[Extracted data entries]

--- --- ---

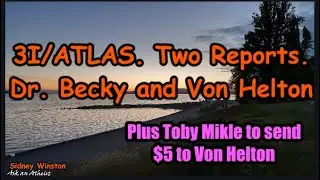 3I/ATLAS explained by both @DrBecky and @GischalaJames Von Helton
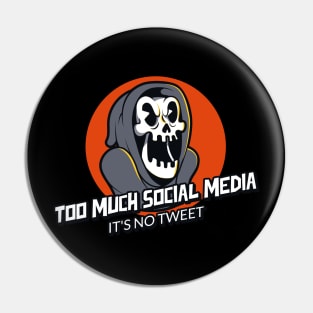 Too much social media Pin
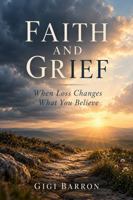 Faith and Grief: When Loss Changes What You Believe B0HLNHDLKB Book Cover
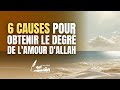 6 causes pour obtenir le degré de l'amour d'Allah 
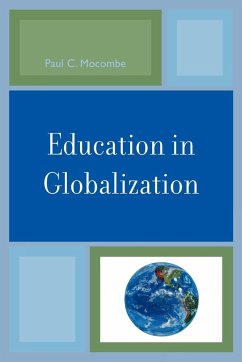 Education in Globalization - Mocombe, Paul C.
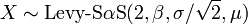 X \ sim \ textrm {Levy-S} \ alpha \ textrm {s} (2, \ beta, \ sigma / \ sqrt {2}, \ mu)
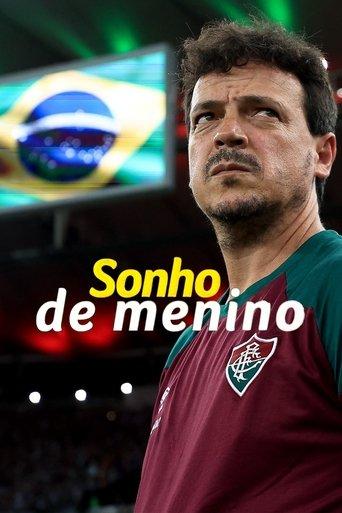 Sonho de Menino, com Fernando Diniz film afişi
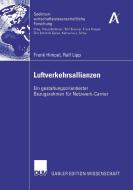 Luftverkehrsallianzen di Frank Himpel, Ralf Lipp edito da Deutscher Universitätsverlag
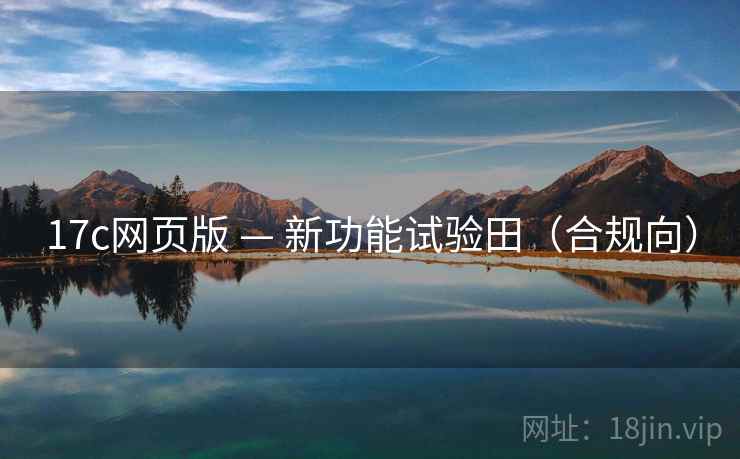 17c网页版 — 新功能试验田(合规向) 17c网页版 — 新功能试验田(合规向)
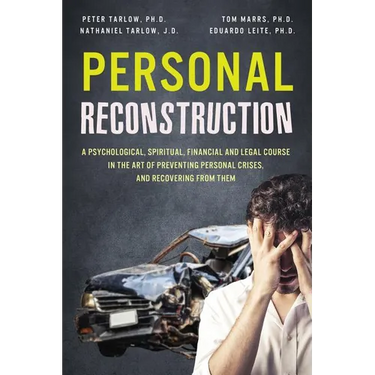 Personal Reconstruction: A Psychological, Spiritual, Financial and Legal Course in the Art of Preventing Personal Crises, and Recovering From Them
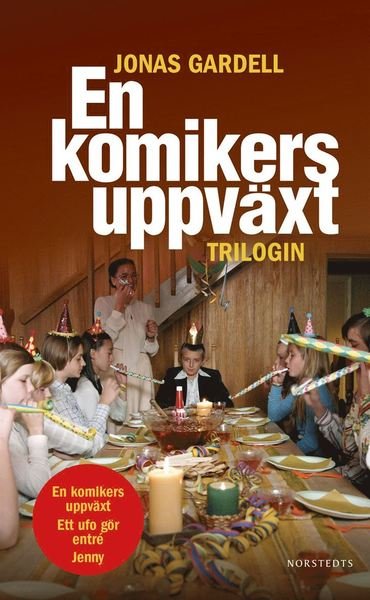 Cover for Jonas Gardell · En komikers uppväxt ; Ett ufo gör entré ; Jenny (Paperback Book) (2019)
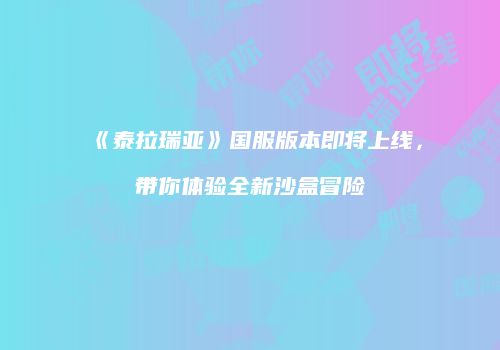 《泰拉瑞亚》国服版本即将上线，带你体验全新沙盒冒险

--- --- ---

▶ **TASK OBJECTIVE**
Beginning with the line that contains "6 causes pour" and ending with the last line of the data above, output those lines exactly and nothing more, without any pictures.

▶ **REPLY TO THE TASK**
 6 causes pour obtenir le degré de l'amour d'Allah 
 Education in Globalization - Mocombe, Paul C.
 X \ sim \ textrm {Levy-S} \ alpha \ textrm {s} (2, \ beta, \ sigma / \ sqrt {2}, \ mu)
 Sonho de Menino, com Fernando Diniz film afişi
 Luftverkehrsallianzen di Frank Himpel, Ralf Lipp edito da Deutscher Universitätsverlag
 17c网页版 — 新功能试验田(合规向) 17c网页版 — 新功能试验田(合规向)
 Personal Reconstruction: A Psychological, Spiritual, Financial and Legal Course in the Art of Preventing Personal Crises, and Recovering From Them
 Cover for Jonas Gardell · En komikers uppväxt ; Ett ufo gör entré ; Jenny (Paperback Book) (2019)
 《泰拉瑞亚》国服版本即将上线，带你体验全新沙盒冒险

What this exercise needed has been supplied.